『行徳魚屋浪漫スーパーバイトJ』沼田純/週刊少年チャンピオン連載中

いったいどれだけこの日を待ち望んだことか…!週刊少年チャンピオンの秘蔵っ子、蔵から一度出そうとしてまた仕舞っちゃって再度引っ張り出してきた秘蔵っ子!NJこと沼田純先生のタンコーボンが出ました!それもなんと、「実録魚屋さんアルバイト漫画」という新ジャンルでございます。週刊連載をこなしつつも(こなしていない間も)続くNJ先生のスーパー鮮魚部でのアルバイト生活。”楽じゃないけど、嫌いじゃない”まさにそんなキャッチフレーズがぴったりハマる、苦労もあれど愉快な日々が綴られている作品です。


「日記マンガがうけるらしいよ」
「そうですか」
本当にこんな淡々とした会話だったかどうかは定かではありませんが、『スーパーバイトJ』の冒頭はそんな担当編集氏とNJ先生の会話から始まっています。
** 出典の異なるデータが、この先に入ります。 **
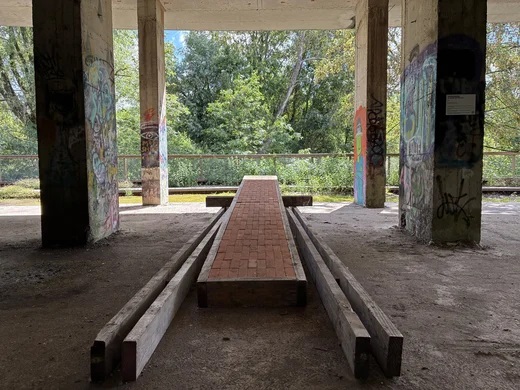 vrijbroekpark_contour_sloping-wall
確かに”日記マンガ”も”漫画家マンガ”も近頃のブームといえるジャンルですが、「魚屋でアルバイトする漫画家の日記マンガ」とはもはや誰にも真似出来ないジャンル。さらに日々の出来事だけではなく、魚屋さんのお仕事ネタやおさかなメモまでそこらに挟まっていて、そんな情報量が毎話4ページ(現在連載分は5ページ)に凝縮されているからスゴい。


「日記マンガ」と聞くと個人的にはコミックエッセイを思い浮かべます。『スーパーバイトJ』がそういった日記モノと違うのは、本来ギャグ漫画家であるNJ先生の作風が如実に表れている点です。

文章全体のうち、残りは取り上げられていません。